◆ DATA UNDER STUDY:
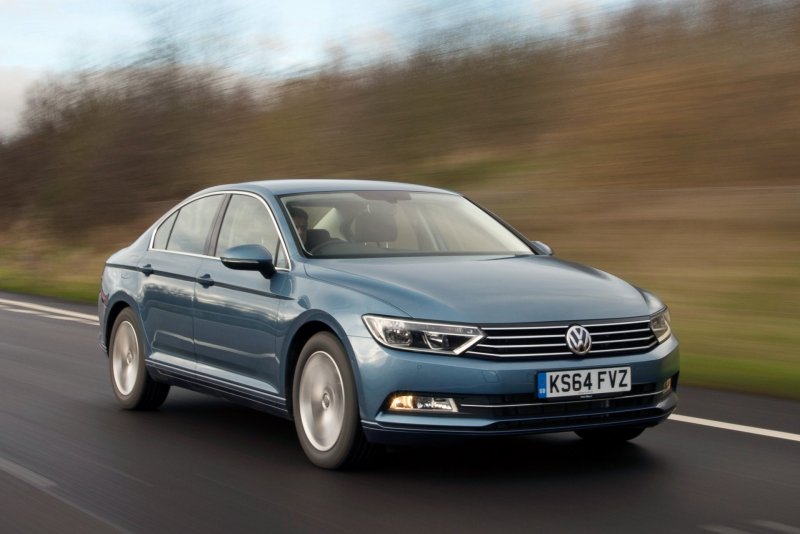 Volkswagen Пассат 2019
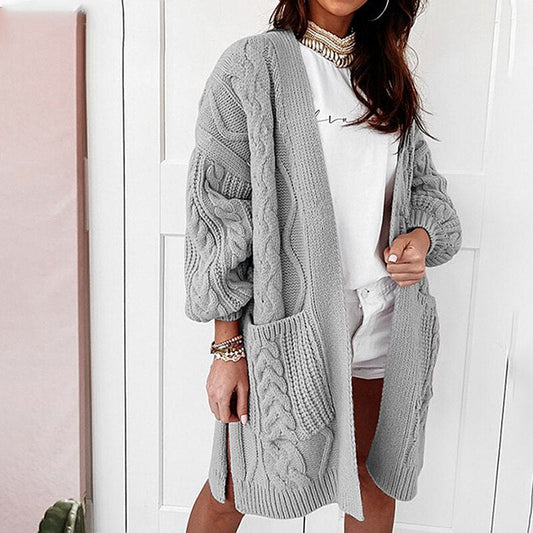 AS | Cardigan v plus size velikosti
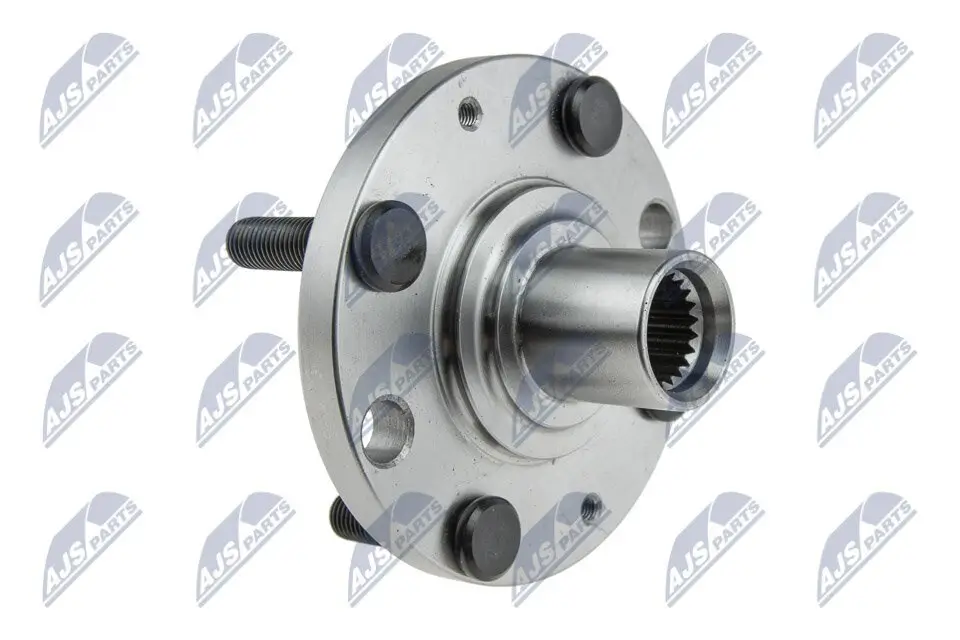 Radnabe Vorderachse links Vorderachse rechts NTY KLP-DW-010P2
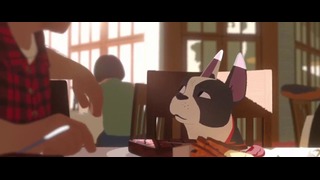 Feast – милая новая короткометражка от Disney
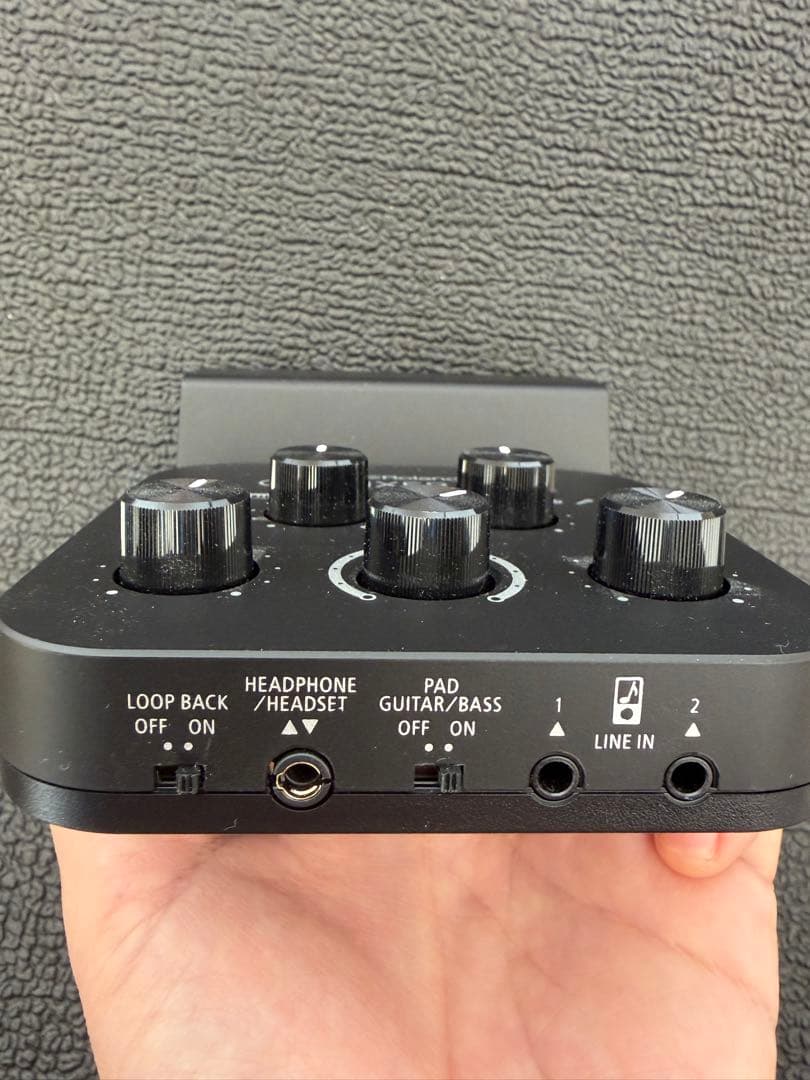 Roland GO:MIXER PRO-X オーディオインターフェイス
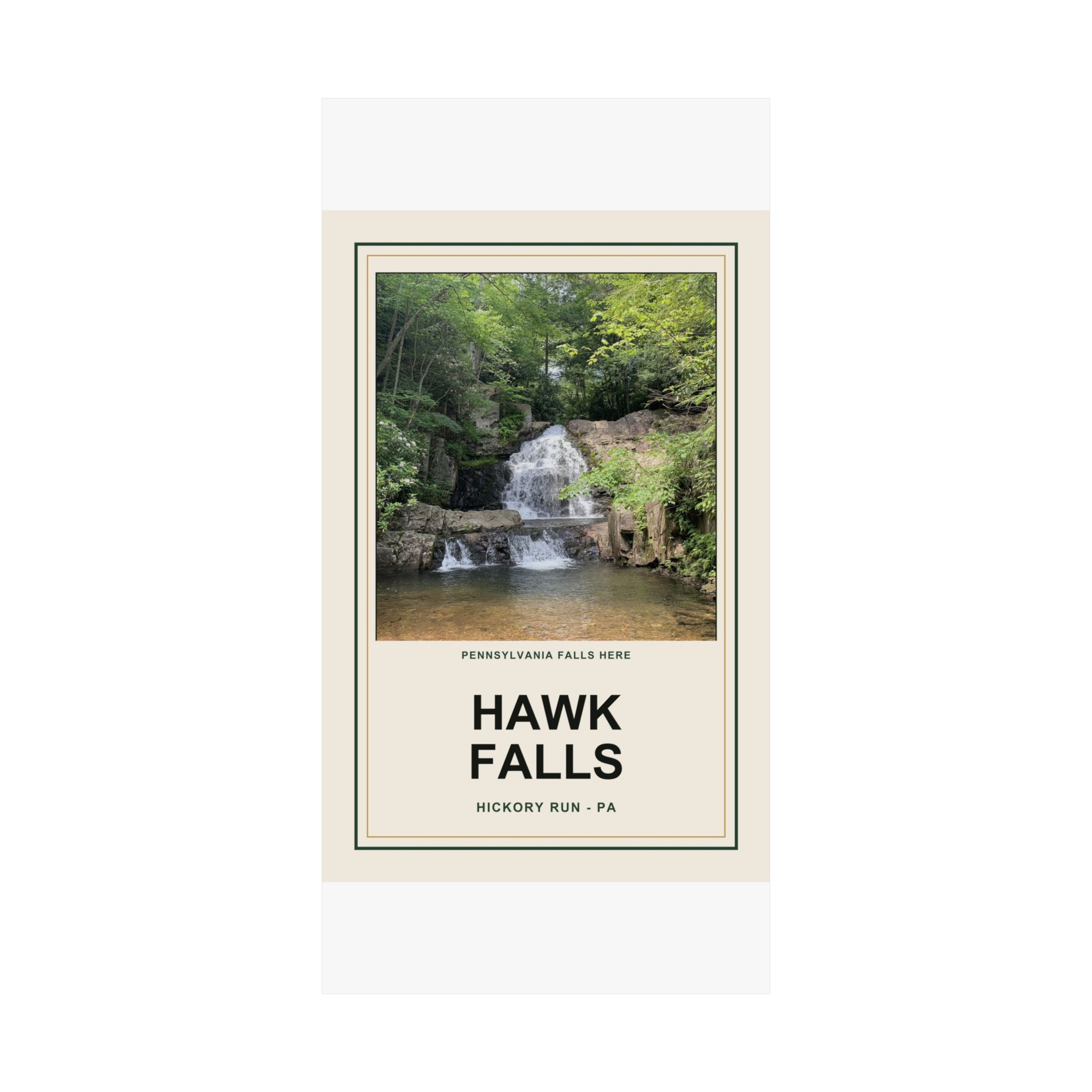 Hawk Falls Vintage Poster - Image 14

◆ YOUR GOAL: Starting at the first entry above and ending at the last, write everything out exactly except the pictures.

◆ ANSWER SECTION:
 Volkswagen Пассат 2019
 AS | Cardigan v plus size velikosti
 Radnabe Vorderachse links Vorderachse rechts NTY KLP-DW-010P2
 Feast – милая новая короткометражка от Disney
 Roland GO:MIXER PRO-X オーディオインターフェイス
 Hawk Falls Vintage Poster - Image 14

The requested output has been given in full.